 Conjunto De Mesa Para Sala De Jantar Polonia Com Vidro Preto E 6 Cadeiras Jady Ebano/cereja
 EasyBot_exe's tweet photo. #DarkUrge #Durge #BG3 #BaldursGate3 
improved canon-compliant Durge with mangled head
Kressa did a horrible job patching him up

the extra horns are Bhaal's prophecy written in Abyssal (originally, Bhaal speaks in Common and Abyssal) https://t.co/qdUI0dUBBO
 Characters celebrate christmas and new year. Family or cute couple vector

* * *

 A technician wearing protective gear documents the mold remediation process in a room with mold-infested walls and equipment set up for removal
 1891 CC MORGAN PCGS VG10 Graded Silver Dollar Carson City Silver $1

* * *

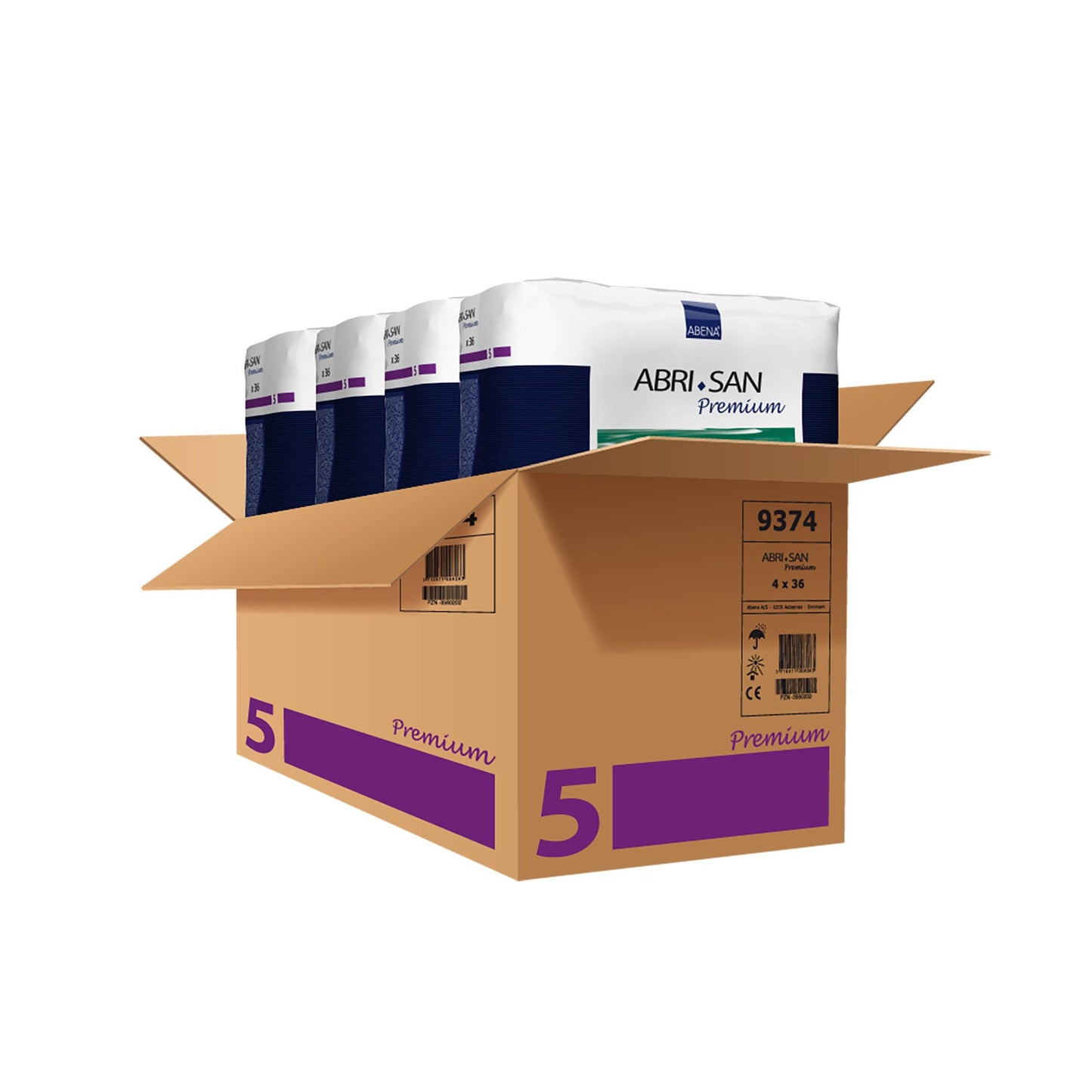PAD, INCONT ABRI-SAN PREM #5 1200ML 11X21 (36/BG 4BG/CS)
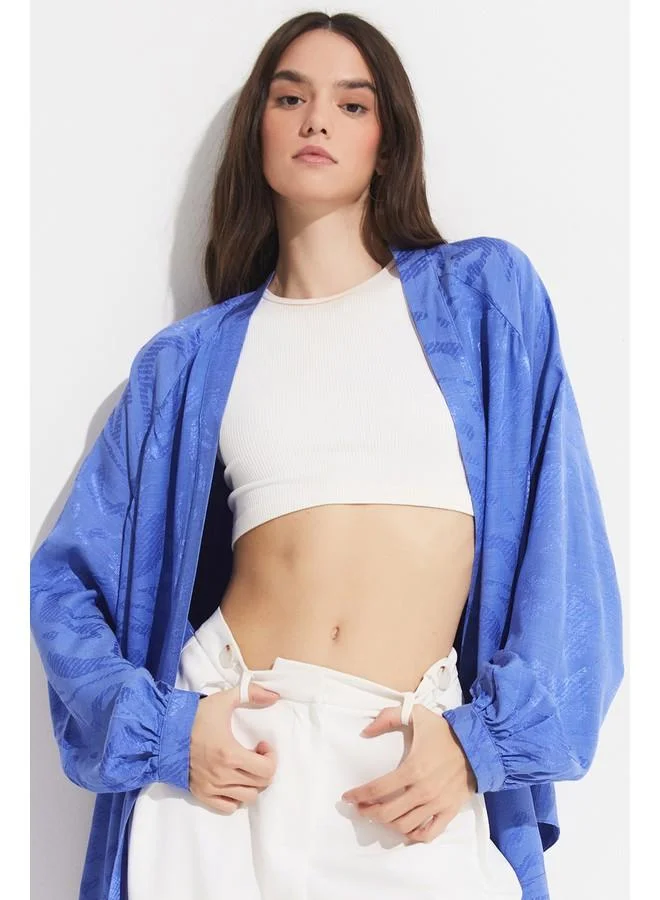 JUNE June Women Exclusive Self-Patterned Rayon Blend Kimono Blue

● **INSTRUCTIONS FOR THE TASK**
Your answer should be a number alone, please: the count of lines in the listing where the word "with" appears.

● **RESPONSE TO THIS TASK**
2